Watch out landlords – Robin Hood is going global

Robin Hood rental cottage to let sign displayed in house window

Be warned, landlords around the world – Robin Hood is expanding and the UK, US and Switzerland are now within his sights. An Australian lawyer who began making online videos to mock estate agents as a joke has been dubbed the “Robin Hood” of TikTok.

Jordan van den Berg started posting under the name “Purple Pingers” (a reference to drugs) three years ago. Recognition of the inadequate conditions under which people were living during the housing crisis, and the poor behaviour of their landlords, led to the birth of Mr van den Berg’s vigilante approach. Purple Pingers helps people find vacant properties in which they can squat and has provides a public database that exposes bad rental homes.

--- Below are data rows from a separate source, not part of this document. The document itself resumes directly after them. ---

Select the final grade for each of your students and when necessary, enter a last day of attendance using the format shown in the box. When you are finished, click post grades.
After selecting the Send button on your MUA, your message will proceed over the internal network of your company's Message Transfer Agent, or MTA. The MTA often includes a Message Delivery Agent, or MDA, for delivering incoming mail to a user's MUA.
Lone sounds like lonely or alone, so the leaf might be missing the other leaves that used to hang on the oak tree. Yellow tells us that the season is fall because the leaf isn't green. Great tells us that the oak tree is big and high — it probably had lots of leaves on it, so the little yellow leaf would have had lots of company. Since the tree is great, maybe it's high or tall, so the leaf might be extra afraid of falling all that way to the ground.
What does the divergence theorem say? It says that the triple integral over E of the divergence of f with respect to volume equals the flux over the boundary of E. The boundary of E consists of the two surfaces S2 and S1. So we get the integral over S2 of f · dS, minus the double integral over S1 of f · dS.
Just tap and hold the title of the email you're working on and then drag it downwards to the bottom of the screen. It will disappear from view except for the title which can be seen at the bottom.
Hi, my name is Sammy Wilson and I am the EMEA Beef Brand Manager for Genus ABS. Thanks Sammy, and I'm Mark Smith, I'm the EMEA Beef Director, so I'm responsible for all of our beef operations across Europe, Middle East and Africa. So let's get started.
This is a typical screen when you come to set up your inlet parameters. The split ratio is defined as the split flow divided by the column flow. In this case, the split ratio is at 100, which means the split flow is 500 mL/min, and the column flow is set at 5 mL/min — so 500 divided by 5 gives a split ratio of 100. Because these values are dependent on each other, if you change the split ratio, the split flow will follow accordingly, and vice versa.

As in the UK and elsewhere around the world, Australia has a housing crisis. Homes are expensive and often beyond affordability, there are lots of empty properties and there is a shortage of rental homes. A shortage of public housing cannot address those in need. Rents are astronomically high. As a result, people live in sometimes overcrowded or unsafe houses with no security. Most of those affected are young and/or vulnerable.

In his postings, Mr van den Berg suggested that older generations had “benefited from really generous housing policy” and effectively “pulled the ladder up behind them”. Some of his posts are serious while others offer sarcastic reviews of available homes nationwide – sometimes in song.

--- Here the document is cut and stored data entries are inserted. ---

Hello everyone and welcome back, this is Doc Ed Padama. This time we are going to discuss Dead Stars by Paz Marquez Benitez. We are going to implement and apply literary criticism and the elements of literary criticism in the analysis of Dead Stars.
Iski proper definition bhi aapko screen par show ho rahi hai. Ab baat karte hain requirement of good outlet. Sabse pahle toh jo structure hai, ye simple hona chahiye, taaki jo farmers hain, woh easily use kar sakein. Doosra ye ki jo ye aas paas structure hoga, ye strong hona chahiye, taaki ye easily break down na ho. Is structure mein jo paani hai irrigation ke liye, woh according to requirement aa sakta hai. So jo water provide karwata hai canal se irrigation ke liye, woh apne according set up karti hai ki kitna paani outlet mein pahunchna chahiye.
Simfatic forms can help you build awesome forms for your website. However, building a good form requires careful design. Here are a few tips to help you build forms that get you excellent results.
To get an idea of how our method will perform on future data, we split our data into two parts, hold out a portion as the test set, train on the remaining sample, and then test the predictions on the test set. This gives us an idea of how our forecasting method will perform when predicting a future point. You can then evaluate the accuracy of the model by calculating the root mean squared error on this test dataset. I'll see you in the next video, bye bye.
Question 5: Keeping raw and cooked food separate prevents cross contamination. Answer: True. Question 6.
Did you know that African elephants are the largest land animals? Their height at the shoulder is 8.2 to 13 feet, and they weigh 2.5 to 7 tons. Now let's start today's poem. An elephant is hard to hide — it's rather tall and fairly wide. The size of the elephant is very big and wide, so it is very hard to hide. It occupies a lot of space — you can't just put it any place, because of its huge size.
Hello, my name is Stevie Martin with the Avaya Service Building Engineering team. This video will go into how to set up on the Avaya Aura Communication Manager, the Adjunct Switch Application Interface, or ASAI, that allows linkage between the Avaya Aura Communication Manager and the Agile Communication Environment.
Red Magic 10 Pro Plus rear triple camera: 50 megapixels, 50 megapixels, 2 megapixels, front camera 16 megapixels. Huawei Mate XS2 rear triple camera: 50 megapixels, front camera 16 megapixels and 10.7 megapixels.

As a homeowner himself, he acknowledges that he has a privileged background but he believes he knows what sort of experiences renters have when it comes to securing a home. He hears stories of people’s housing woes and feels he cannot do anything about it, although he says it is this “obligation to people” that has resulted in his belief that “one person can do a fair bit through the power of others”.

He is motivated to challenge what he calls “decades of mismanagement” and hopes that new legislation will one day provide better protections for renters and reform tax incentives for property investors. The database is in part to address a perceived imbalance of information. While landlords know much about their tenants, people renting a new property know nothing about the landlord.

As his TikToks became more popular, people began to share their own experiences which has led to a database of over 3,000 property reviews. His more than 200,000 followers on social media see anonymous posts of exposed electrical wiring, mould and mushrooms, illegal landlord visits, racist real estate agents and evictions following complaints made over poor conditions. Some posts expose properties being immediately readvertised for more money without addressing essential repairs.

The estimated one million empty homes are now being targeted, which Mr van den Berg says could help ease the strain on the rental market. Squatting is a legal practice in Australia, although there are laws prohibiting trespass or breaking and entering. Some vacant addresses are published although some addresses are given privately due to “safety concerns”. Indeed, he has been accused of encouraging crime although his answer to this is emblazoned on his t-shirt which quotes the words “good people disobey bad laws”.

Landlords have defended the number of empty properties, saying that there could be a number of valid reasons for a house being empty. However, one landlord’s defence tactic backfired after he attempted to publish Mr van den Berg’s own address – which turned out to be a parcel locker.